今すぐ銀行買収してよブルース・ウェイン!と思ってしまったけど(映画ネタ)

 

最後の場面、ルーサーといえばレックス・ルーサーだけど、彼らしくないような… 私もそんなによく知ってるわけではないんですが、 レックス・ルーサーといえばスーパーマンに執着する大金持ちで優秀な、 ただの人間だけどやっかいな悪役、というイメージです。 自己顕示欲も強いので、今回の敵の「隠れて観察する」とか「正体を隠して対立する」 というのは従来のイメージに当てはまらない感じがするんですよね。 「今回のドラマではそういうキャラ」なのかもしれませんが。 そもそも自分もエイリアンだ的なこと話してましたしね。どうなんだろ。

 

 

第2話 引き継いだもの

 わー!平行世界!?タイムスリップ!? 小さな田舎町と世界規模の異なるスケールで「あの場所でしでかした悪行をここではやらせない」が同時進行していくのも面白かった。これが相互作用で変化していくのかな。

 

私が知ってるのは子供がひとりのバージョンだけだったので、ふたり、しかも双子となると能力の継承含めコンプレックスの問題がモリモリ出てきそう…一方でこのドラマ、そういうスーパーヒーローならではの悩みを誰にでもある普遍的なものと結びつけるのが上手いのでどう描くか楽しみでもあります。

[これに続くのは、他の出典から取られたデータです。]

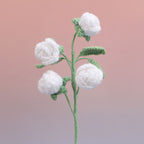 Rose-4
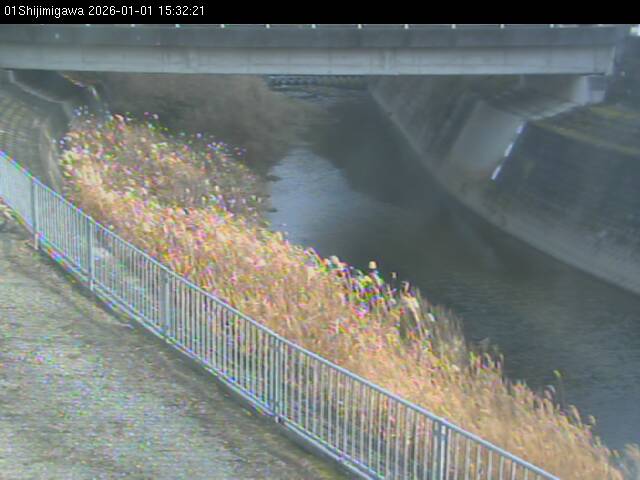 最新監視カメラ画像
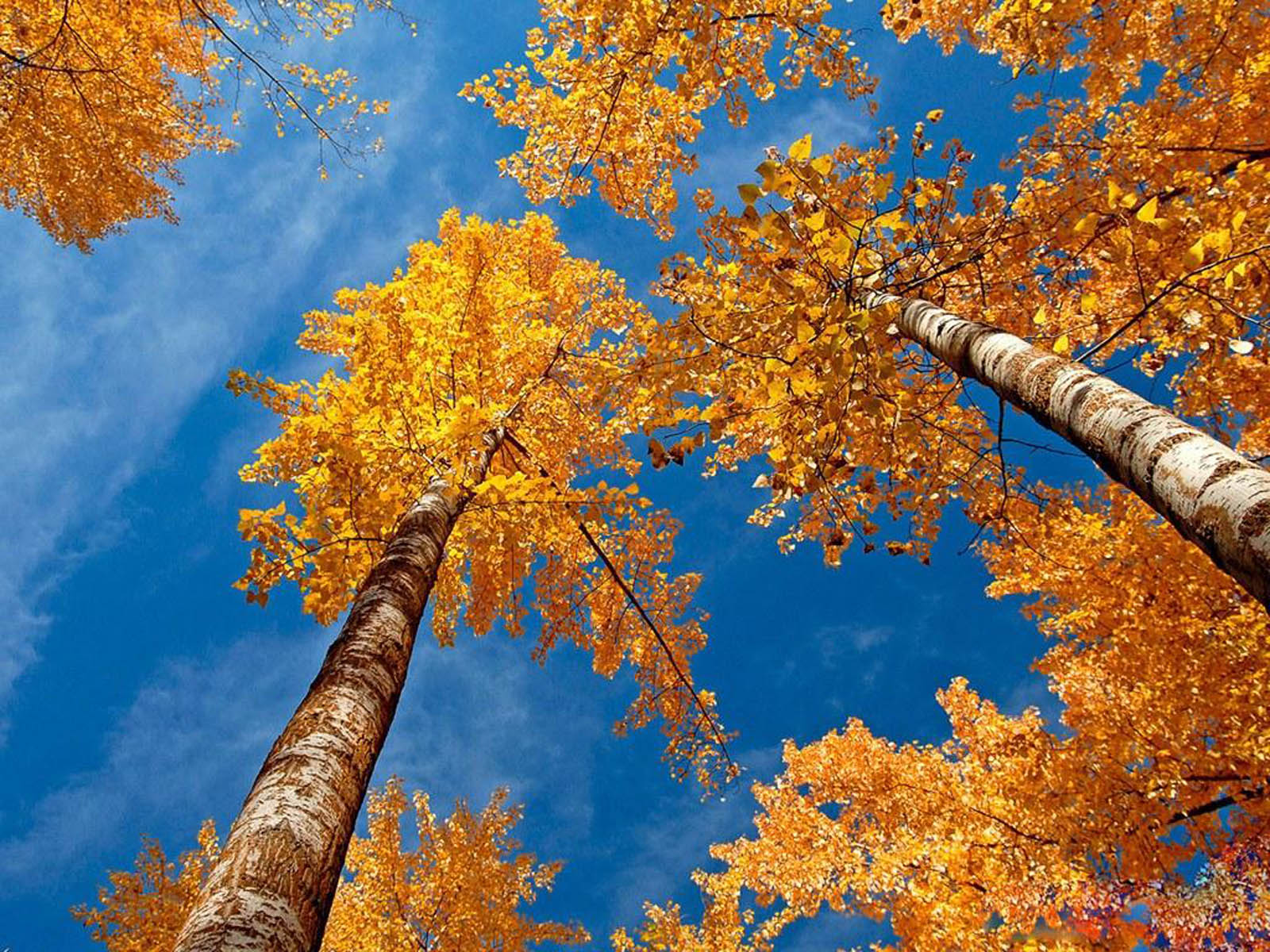 Wallpaper Beautiful Autumn Scenery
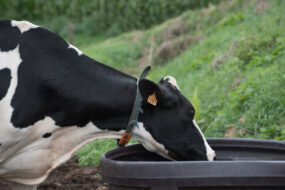 Une vache de race Holstein portant un collier est en train de boire dans un bac à eau en plastique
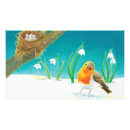 Search for rubecula Easter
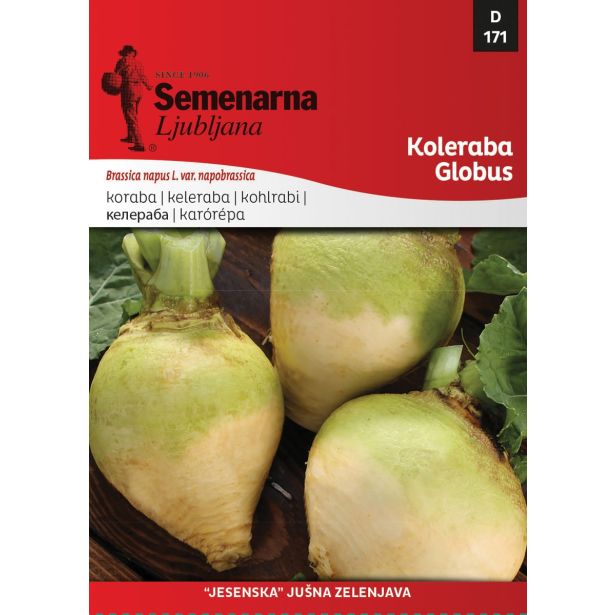 KORENOVKA SEMENARNA KOLERABA GLOBUS V MALI VREČICI 171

双子ちゃん、思春期らしい突然の噴火はありつつも、お互いをちゃんと思いやれるいい子たちだ…

 

 

第3話 人気者であることの特権

 なにか起こったら町中に筒抜けの田舎町あるある、アメリカでもそうなんだなって…これ日本人も共感できるよね…

両親が住み、心の拠り所として描かれることが多かった故郷スモールビルも、時代の流れとともに素朴な田舎町として存在し続けられない。しかし同時に次の世代の新しい可能性も示してくれるところが好きです。

 

ジョーダンがフットボール始めた時、私も「あっこれパワーが暴走して悲劇で終わるやつでは」って思っちゃったんですよ。クラークは自分のパワーが大きかったし、制御や責任のことが気になってしまうのもしょうがない。

これを子供の新たな可能性をどこまで信じて見守れるのかって普遍的な問題に結び付けて描いているのが上手いんですよね。ジョーダンのパワーがクラークほど大きくなかったというのもあるけど、パワーを利用しつつ、あくまでそれはきっかけで、コミュニケーションを通じて状況を変えた。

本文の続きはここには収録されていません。